Balochistan is a land of contrasts so far its topography and landscape is concerned. It has lofty mountains, vast barren areas and lush green valleys, sunny beaches and Juniper clad of forests with extreme temperatures, 50 degree centigrade to 10 degree centigrade at Khan Mehtrazi. The average rainfall is 3 to 14 inches. Balochistan is a mineral rich province while it is popularly called "Fruit Garden of Pakistan" because of the production of the finest qualities of fruits.

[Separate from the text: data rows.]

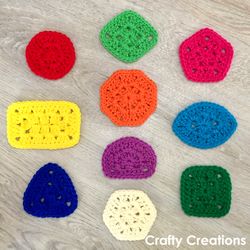 Mini Granny Shapes Crochet Pattern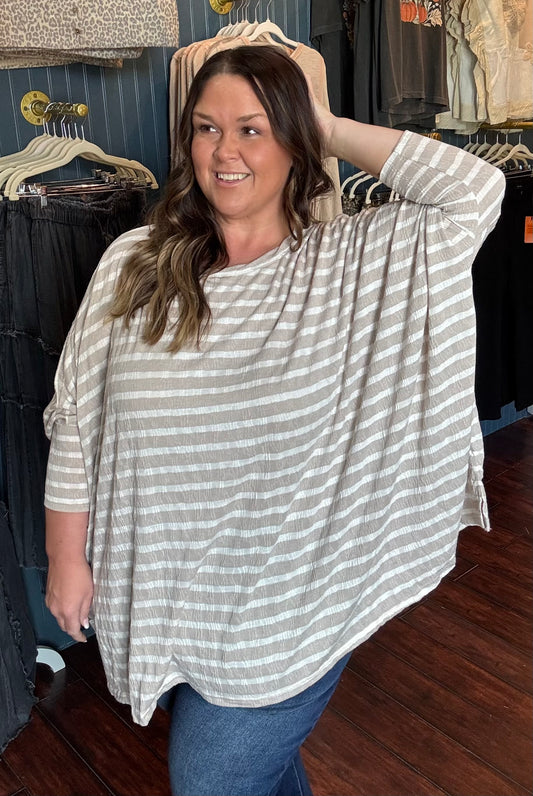 Birchwood Stripe Top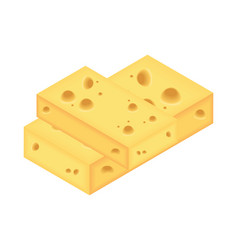 Cheese On White Background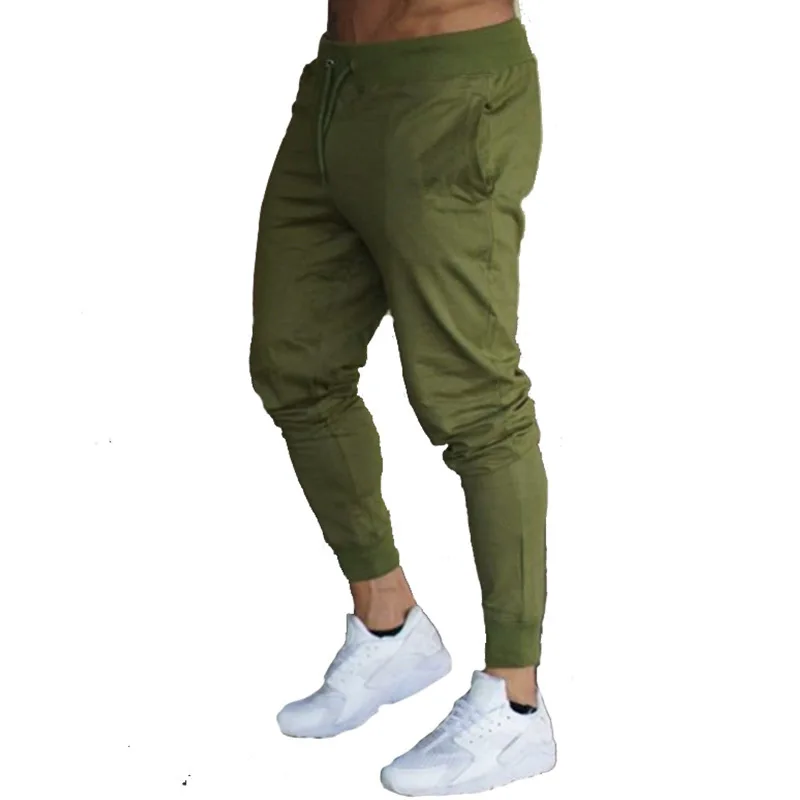 Custom Logo Solid Color Sweat Pants Casual Fitness Jogging Pants Men Elastic Custom Joggers Sweatpants Sports Pants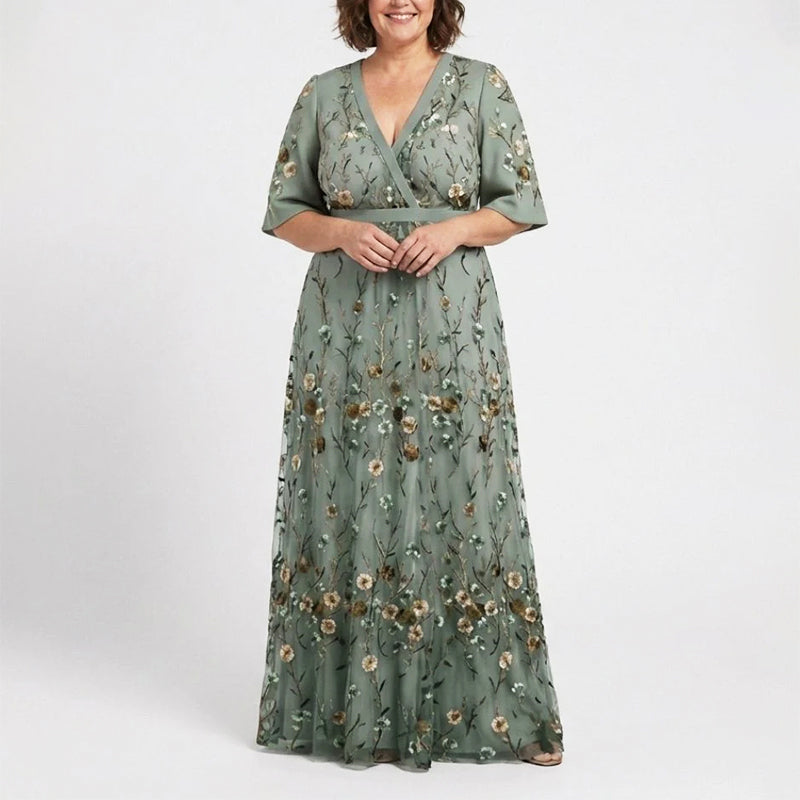 Nadia | Floral V-Neck Maxi Dress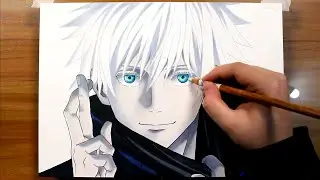 Full Painting Process in REAL TIME: SATORU GOJO [Jujutsu Kaisen]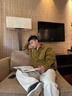明星同款演唱会白色牛仔裤男cleanfit高级感直筒2026春夏休闲裤子 白色 薄款 春夏 L 建议 131-150斤 实拍图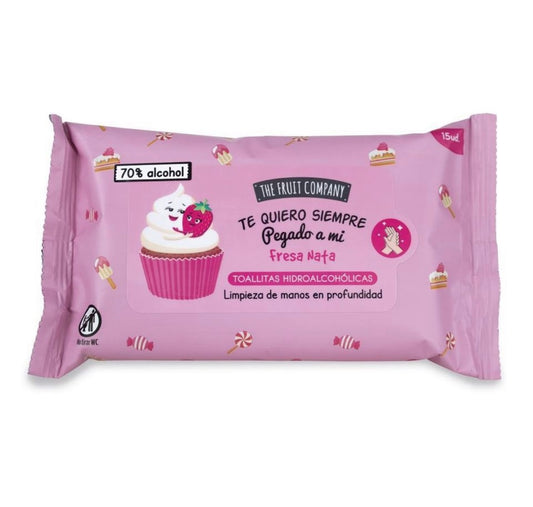 Toalhitas Cara, mãos e WC de Morango e Nata- The Fruit Company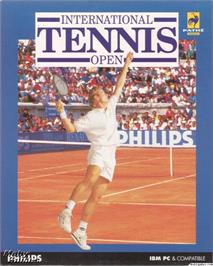Box cover for International Tennis Open on the Microsoft DOS.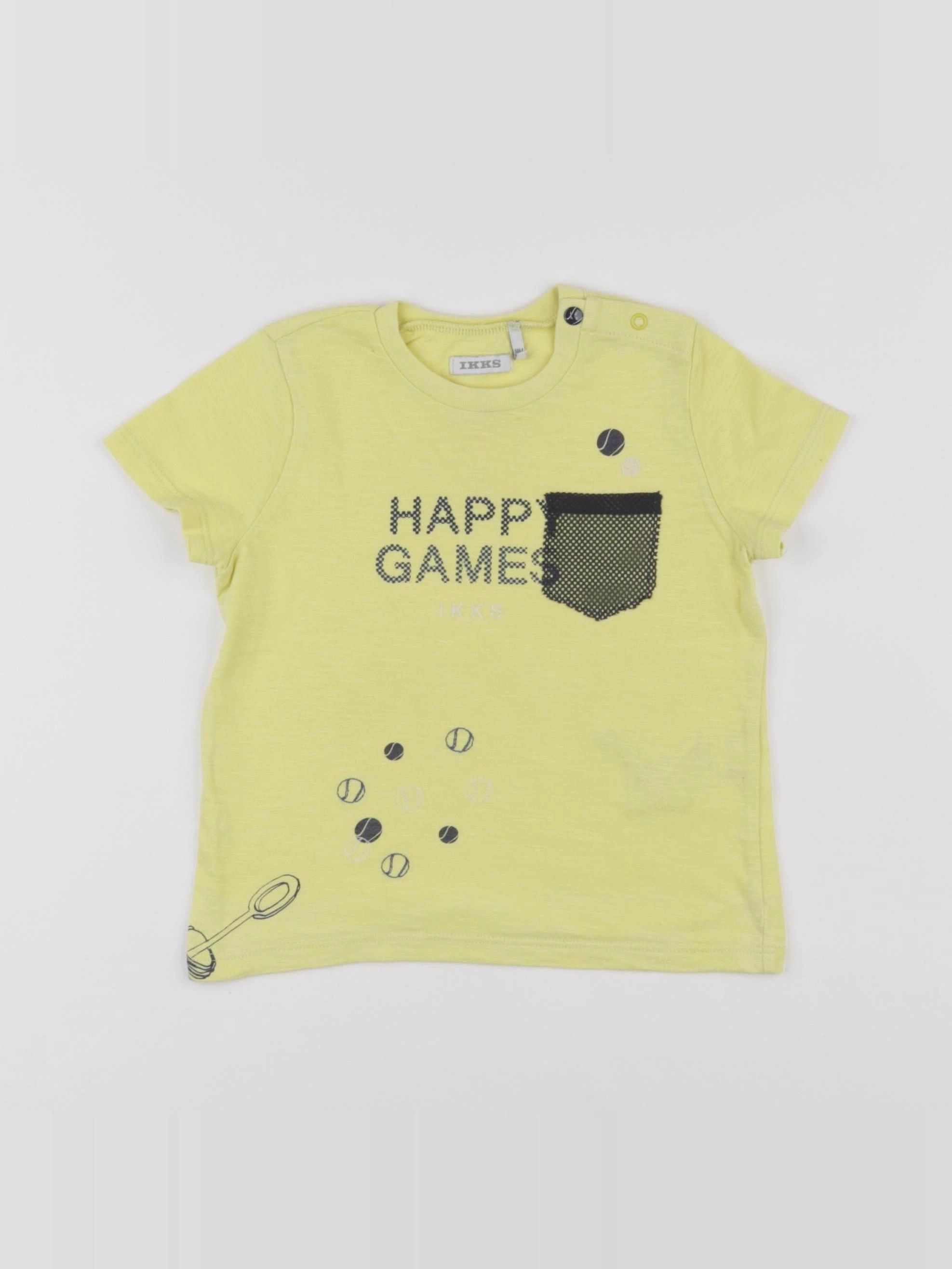 IKKS - tee-shirt jaune - 18 mois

Climatic conditions are arid, ranging from dry hyper arid and temperate regions from cool temperature of tropical. There is scarcity of irrigation water. Still there is amazing crops variety. Mostly irrigated and un-irrigated horticulture is concentrated in highland of Balochistan rain-fed, Sailabi/Kjushkaba areas.

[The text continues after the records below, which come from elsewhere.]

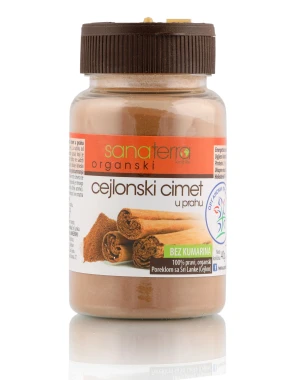 Cejlonski cimet (organski proizvod) 40 g Sanaterra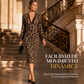🔥 ¡50% OFF POR TIEMPO LIMITADO! 👗 Vestido Midi de Leopardo con Encaje para Mujer – Cuello V, Mangas Farol y Estilo Elegante ✨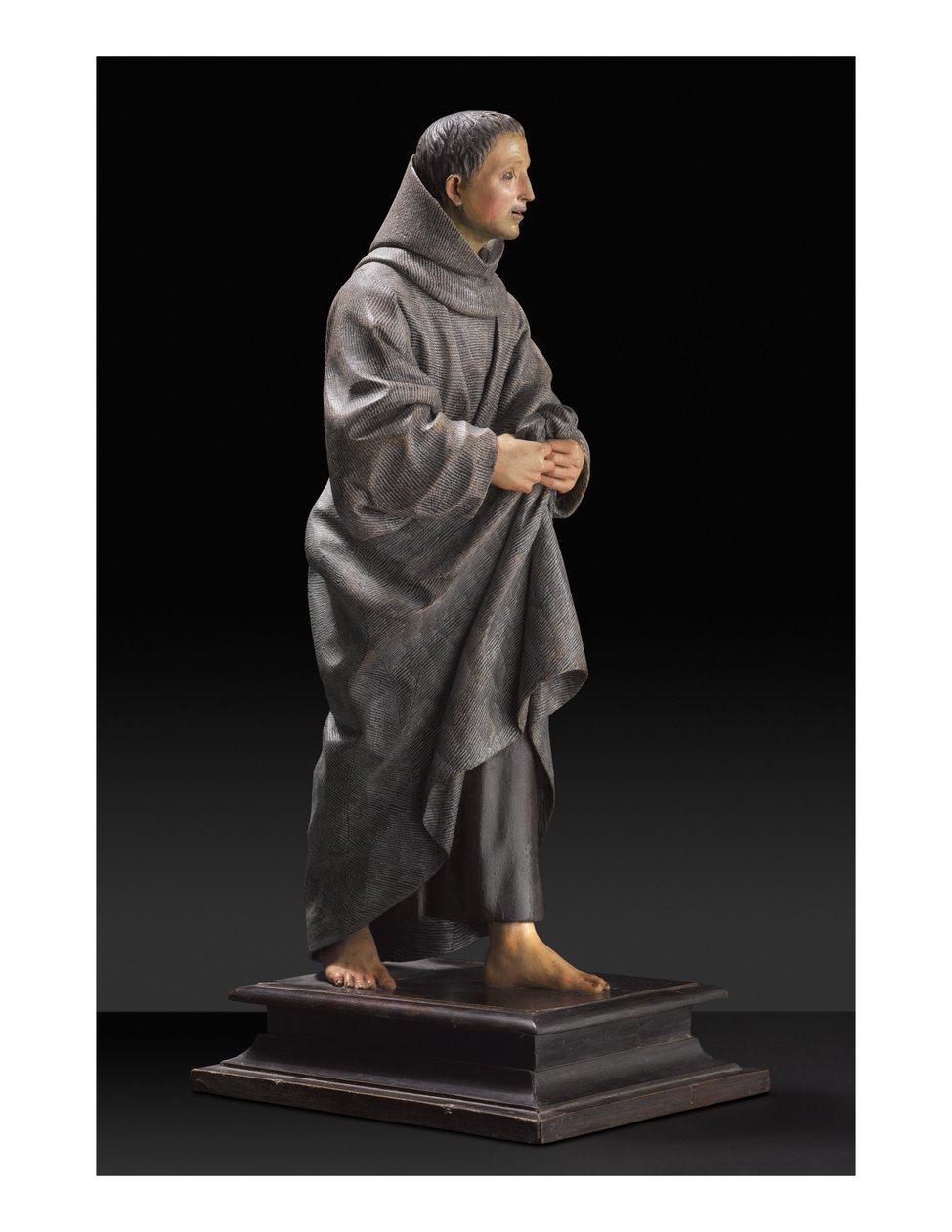 San Diego of Alcala, ca. 1665-70 (polykromt tre) av Pedro de Mena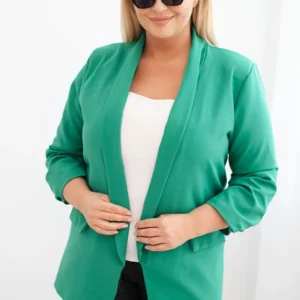 Moteriška paltas Plus Size be užsegimo su pamušalu XL/2XL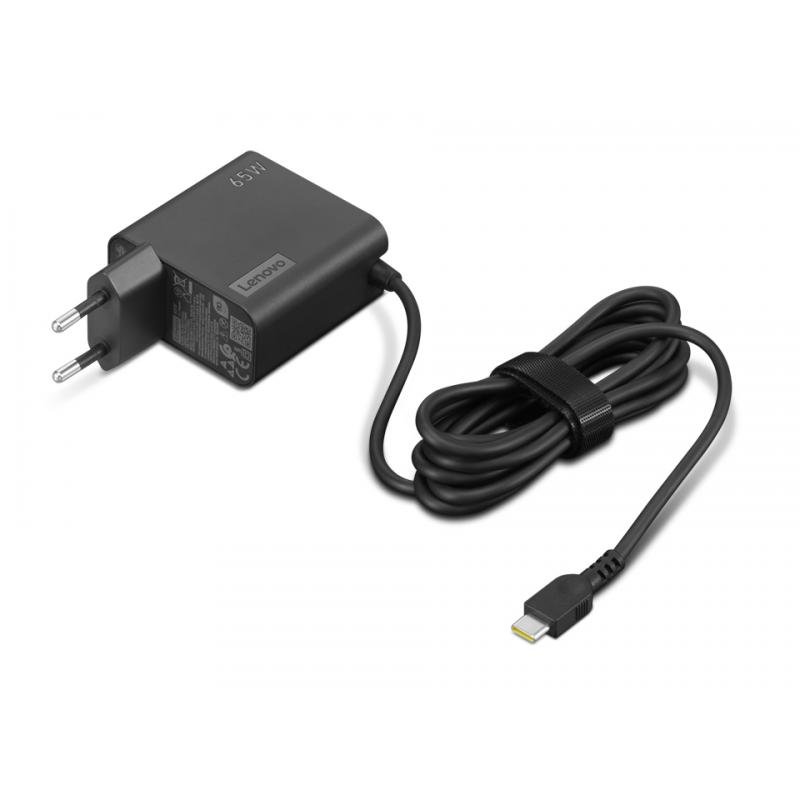 Lenovo 65W USB-C Wall Adapter- EU Lenovo 65W USB-C Wall Adapter- EU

Agriculture is the mainstay of the population of the province, which provides employment to 60 percent of its population. Agriculture is in practice in 70 percent of the high land cultivated areas (0.395 million hectares), whereas only 3 percent area is irrigated, where barley and pulses are the main crops. About 1000 square miles of land in Nasirabad Division is canal irrigated. The rest of the land depends upon irrigation water by tube-wells, wells, karez (underground water channels), springs, weirs and rains. Even without fertilizer per hectare yield of wheat in the rain-fed areas of Balochistan is the highest in the country because the lands are mostly virgin containing most of the nutrients to boost crops. Annual wheat production is about 300,000 tons.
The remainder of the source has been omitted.